Interference field
2025
Video and sound installation, 1 minute, 2025
Exhibited at Art Garden Gallery, Saint Petersburg.
In the project Prole Interference I revisit my archive—my photo project Letters from Childhood—and look anew at my earlier photographs made in 2009. I reflect on how technologies such as artificial intelligence and neural networks are reshaping our lives. The work takes the form of an installation that deliberately abandons the archive’s material artefacts (photo paper, film) in favour of pure light and code, emphasizing how fragile our memories can be. The images exist only as long as the projector remains on. They are spectral and ephemeral, like memory itself. This radical gesture allows me to address another key theme: the impact of memory on consciousness. The layering of projections becomes a direct metaphor—memories can overlap, generating new ones that are distorted and sometimes false. Blur and “double exposure” emerge here not at the moment of capture, but at the moment of the viewer’s perception, making the viewer a co-author of the process. Where we once simply looked at a work of art, we now affect it through our presence. Memory is no longer something we observe from the outside; it is something we inhabit—and something we alter by being there. As the viewer moves into the installation, their shadows become part of the piece. It is a dialogue in the most literal sense.

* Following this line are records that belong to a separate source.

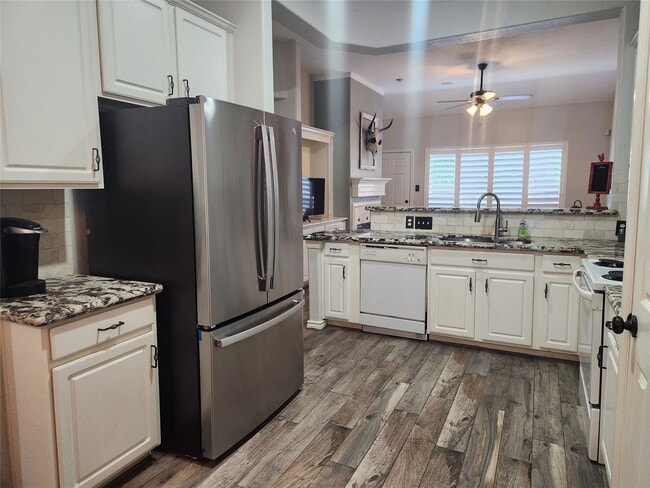 Building Photo - 102 Wintergreen Trail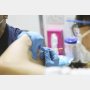 ワクチン3回目接種「1日100万回」岸田首相の目標達成ならず、先進7カ国で最低水準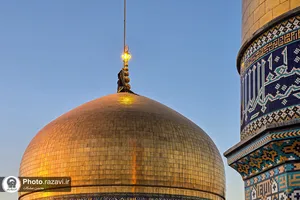 تعویض پرچم حرم امام رضا علیه&zwnj;السلام به مناسبت شهادت حضرت زهرا سلام&zwnj;الله علیها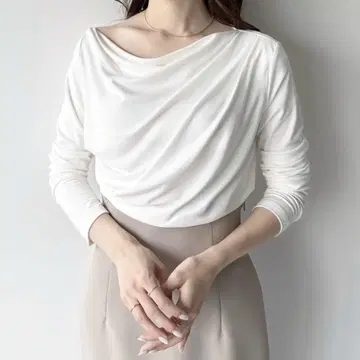 택 포함 새상품 mipiarl 화이트 S 얇은 소재 드레이프 상의
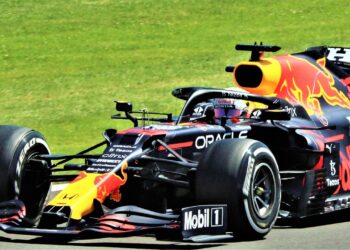 F1 : entre Verstappen et Hamilton, quel avenir pour les légendes de la grille ?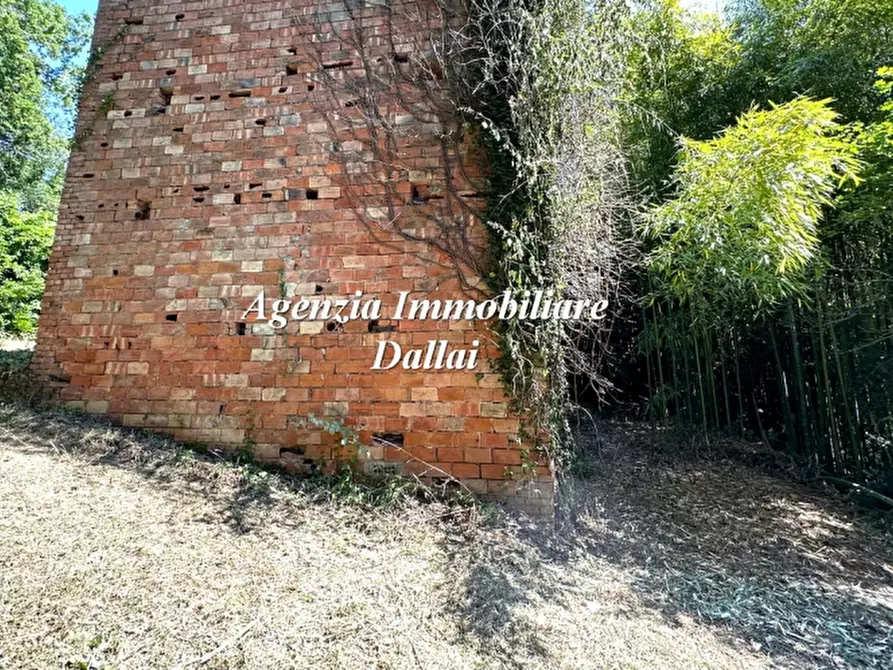 Immagine 13 di Rustico / casale in vendita  a Borgo San Lorenzo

In the 2009 project, I experienced digital tools as a threat to the disappearance of physical media, and I turned exclusively to film, chemical developers, and paper printing as a refuge for my memories. In the new project, digital technologies do not revive our memories so much as simulate them in real time. In this way, I attempt to materialize the act of remembering itself—compulsive, imperfect, and capable of distorting reality beyond recognition. What you see are not images of my childhood, but the ghosts of those images, produced by digital technologies and by longing for what has been lost. This work is about the fear of one’s own history coming apart, and about our desire to reanimate it even if the result is unsettling. You may feel anxiety—that is a normal response. You are entering a landscape of memory, and it is rarely comfortable.